Records drawn from a dataset →
BEGIN

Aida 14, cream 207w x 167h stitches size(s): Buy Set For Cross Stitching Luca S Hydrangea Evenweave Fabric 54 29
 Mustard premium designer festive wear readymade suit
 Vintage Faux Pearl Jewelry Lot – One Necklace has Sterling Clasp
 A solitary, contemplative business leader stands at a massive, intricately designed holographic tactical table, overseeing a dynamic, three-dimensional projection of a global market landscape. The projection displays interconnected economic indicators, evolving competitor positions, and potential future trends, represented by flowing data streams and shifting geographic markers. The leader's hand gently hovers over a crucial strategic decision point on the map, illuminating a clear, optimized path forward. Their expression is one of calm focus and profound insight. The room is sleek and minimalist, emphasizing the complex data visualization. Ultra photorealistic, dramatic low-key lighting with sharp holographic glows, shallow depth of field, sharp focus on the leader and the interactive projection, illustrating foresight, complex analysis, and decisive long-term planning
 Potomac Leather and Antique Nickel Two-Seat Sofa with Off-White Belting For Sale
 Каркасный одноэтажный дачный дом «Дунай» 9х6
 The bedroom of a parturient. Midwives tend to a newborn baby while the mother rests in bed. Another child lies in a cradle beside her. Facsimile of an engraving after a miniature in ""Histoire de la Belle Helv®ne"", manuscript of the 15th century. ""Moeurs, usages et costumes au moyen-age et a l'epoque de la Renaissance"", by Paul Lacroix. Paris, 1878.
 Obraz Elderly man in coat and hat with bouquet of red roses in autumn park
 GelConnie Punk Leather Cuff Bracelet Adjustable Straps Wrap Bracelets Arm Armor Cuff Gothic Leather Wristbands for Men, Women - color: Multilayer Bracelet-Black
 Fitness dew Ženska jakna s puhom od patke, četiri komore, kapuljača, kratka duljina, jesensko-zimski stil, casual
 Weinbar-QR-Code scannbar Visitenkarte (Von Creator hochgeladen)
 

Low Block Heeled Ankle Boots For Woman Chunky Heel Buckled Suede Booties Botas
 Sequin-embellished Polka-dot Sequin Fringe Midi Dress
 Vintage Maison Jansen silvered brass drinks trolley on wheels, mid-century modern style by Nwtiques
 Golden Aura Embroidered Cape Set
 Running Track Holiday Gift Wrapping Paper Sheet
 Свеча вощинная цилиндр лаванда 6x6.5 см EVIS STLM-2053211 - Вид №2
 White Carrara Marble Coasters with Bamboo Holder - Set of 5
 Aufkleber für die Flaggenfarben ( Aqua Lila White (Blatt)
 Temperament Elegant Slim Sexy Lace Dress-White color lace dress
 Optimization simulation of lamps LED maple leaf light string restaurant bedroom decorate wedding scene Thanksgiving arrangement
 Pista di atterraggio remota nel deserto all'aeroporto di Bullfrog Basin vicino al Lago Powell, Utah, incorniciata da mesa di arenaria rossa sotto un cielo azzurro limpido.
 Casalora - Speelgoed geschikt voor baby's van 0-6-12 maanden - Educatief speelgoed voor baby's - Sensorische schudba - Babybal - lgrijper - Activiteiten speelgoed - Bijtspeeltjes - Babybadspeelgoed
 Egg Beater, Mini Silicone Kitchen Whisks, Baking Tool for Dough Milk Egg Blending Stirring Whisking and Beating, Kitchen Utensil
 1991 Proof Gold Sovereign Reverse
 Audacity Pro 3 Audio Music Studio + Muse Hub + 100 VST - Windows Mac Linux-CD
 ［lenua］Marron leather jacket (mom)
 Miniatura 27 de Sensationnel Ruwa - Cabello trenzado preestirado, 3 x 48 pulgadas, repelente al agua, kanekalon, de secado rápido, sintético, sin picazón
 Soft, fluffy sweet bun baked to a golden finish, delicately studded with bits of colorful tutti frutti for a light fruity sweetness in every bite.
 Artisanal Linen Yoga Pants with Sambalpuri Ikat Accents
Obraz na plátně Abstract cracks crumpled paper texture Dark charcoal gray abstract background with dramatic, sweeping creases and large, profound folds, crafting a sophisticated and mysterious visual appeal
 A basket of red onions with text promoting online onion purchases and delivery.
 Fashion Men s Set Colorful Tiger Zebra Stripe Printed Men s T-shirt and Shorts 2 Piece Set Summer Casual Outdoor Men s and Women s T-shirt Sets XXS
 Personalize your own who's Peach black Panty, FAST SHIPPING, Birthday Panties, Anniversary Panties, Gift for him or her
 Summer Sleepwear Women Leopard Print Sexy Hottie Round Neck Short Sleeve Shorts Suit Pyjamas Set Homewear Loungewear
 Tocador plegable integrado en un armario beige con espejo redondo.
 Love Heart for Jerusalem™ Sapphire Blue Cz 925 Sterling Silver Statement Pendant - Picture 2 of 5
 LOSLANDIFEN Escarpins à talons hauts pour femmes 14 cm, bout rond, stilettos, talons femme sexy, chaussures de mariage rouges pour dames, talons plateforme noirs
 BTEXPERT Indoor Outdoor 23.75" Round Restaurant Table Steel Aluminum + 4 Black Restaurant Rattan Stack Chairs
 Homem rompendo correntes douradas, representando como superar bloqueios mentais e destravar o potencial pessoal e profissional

END

Task details → Each line from the one holding "BTEXPERT Indoor Outdoor" down to the end of the records above is to be repeated exactly; no other line belongs in the reply.

Task result →
 BTEXPERT Indoor Outdoor 23.75" Round Restaurant Table Steel Aluminum + 4 Black Restaurant Rattan Stack Chairs
 Homem rompendo correntes douradas, representando como superar bloqueios mentais e destravar o potencial pessoal e profissional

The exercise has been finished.